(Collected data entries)
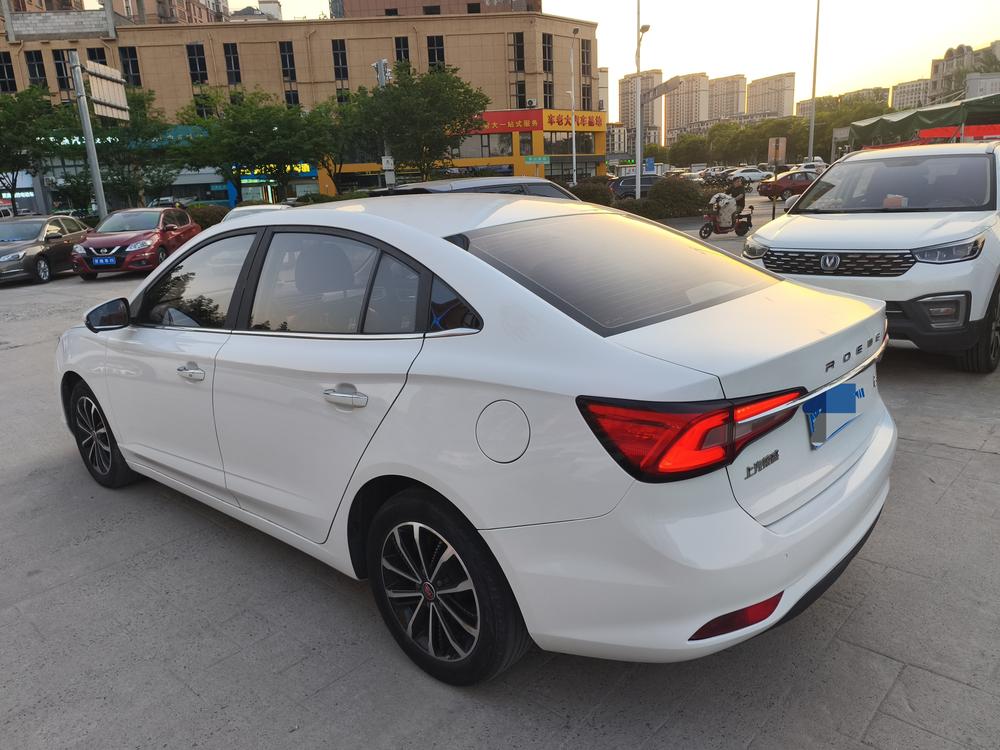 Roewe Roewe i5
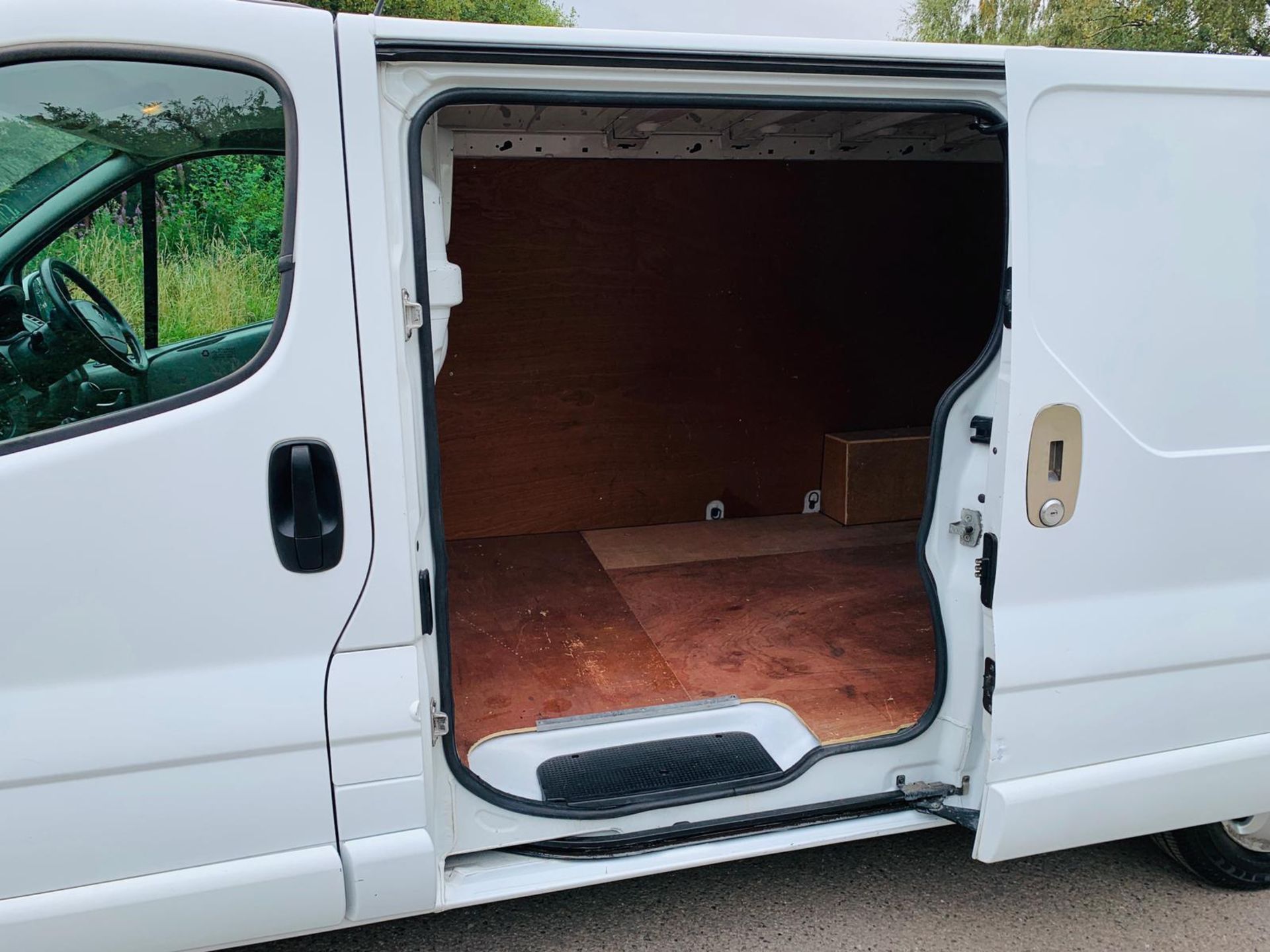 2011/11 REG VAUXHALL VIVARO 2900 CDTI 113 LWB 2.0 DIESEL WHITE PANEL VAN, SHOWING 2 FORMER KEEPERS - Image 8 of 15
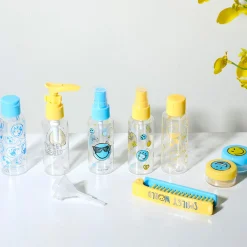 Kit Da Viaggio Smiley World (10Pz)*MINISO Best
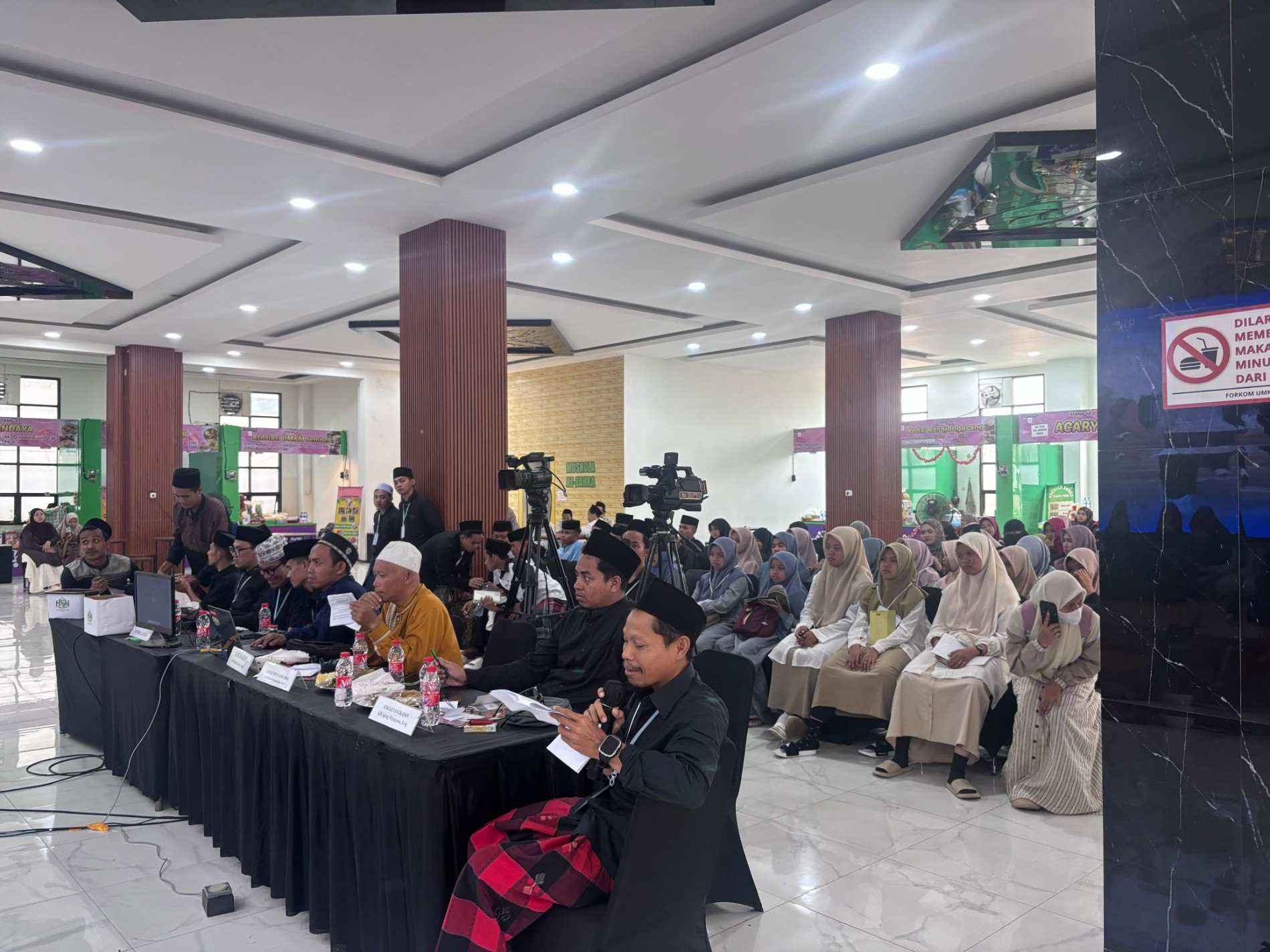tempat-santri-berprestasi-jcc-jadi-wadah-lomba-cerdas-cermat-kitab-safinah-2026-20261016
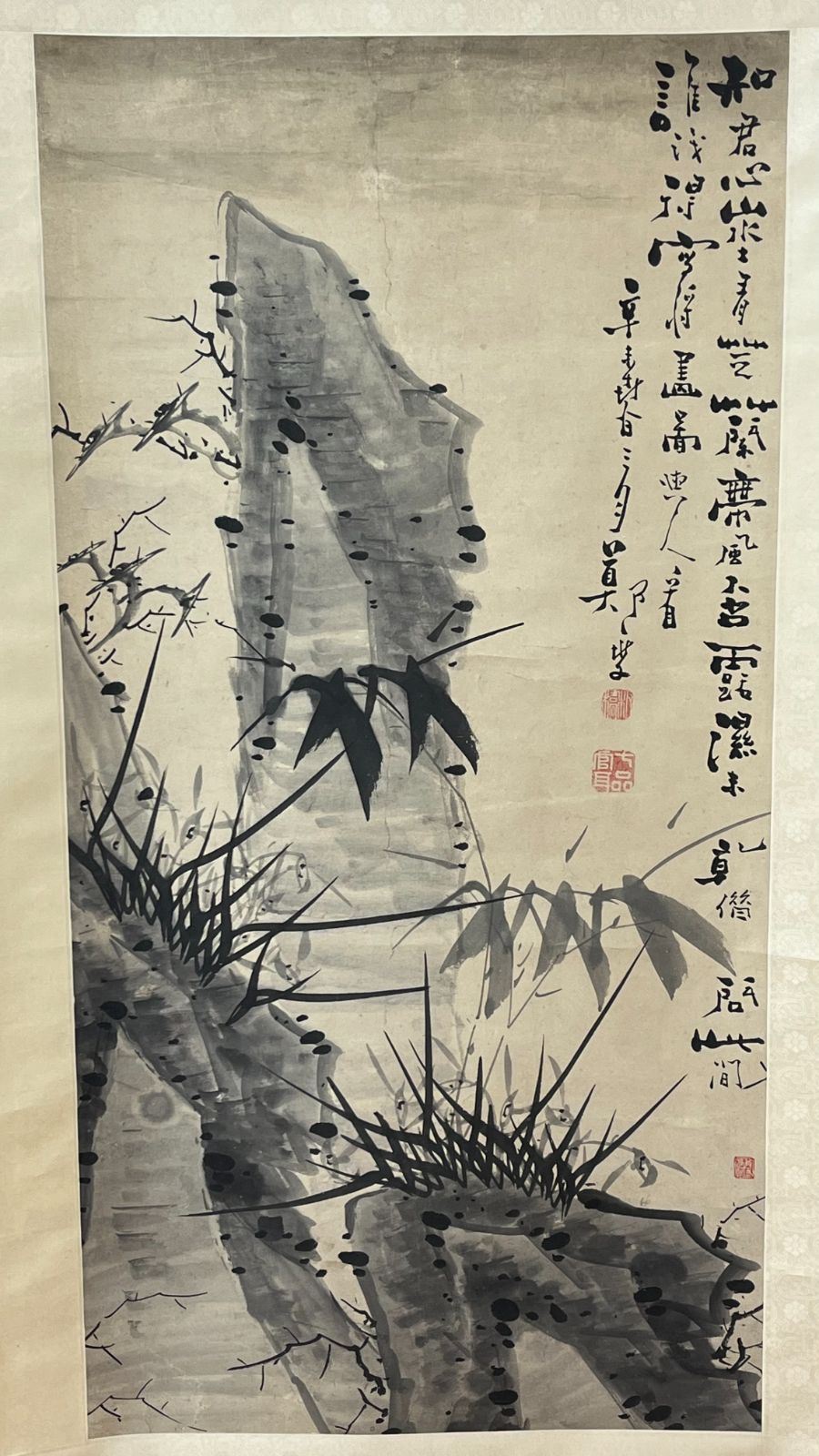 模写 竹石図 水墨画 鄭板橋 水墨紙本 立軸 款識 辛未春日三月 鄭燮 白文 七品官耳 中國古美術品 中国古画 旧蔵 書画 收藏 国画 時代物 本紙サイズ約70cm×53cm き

## Exercise directions
Could you write the entries out again exactly, without their pictures?

## Answer
 Roewe Roewe i5
 2011/11 REG VAUXHALL VIVARO 2900 CDTI 113 LWB 2.0 DIESEL WHITE PANEL VAN, SHOWING 2 FORMER KEEPERS - Image 8 of 15
 Kit Da Viaggio Smiley World (10Pz)*MINISO Best
tempat-santri-berprestasi-jcc-jadi-wadah-lomba-cerdas-cermat-kitab-safinah-2026-20261016
 模写 竹石図 水墨画 鄭板橋 水墨紙本 立軸 款識 辛未春日三月 鄭燮 白文 七品官耳 中國古美術品 中国古画 旧蔵 書画 收藏 国画 時代物 本紙サイズ約70cm×53cm き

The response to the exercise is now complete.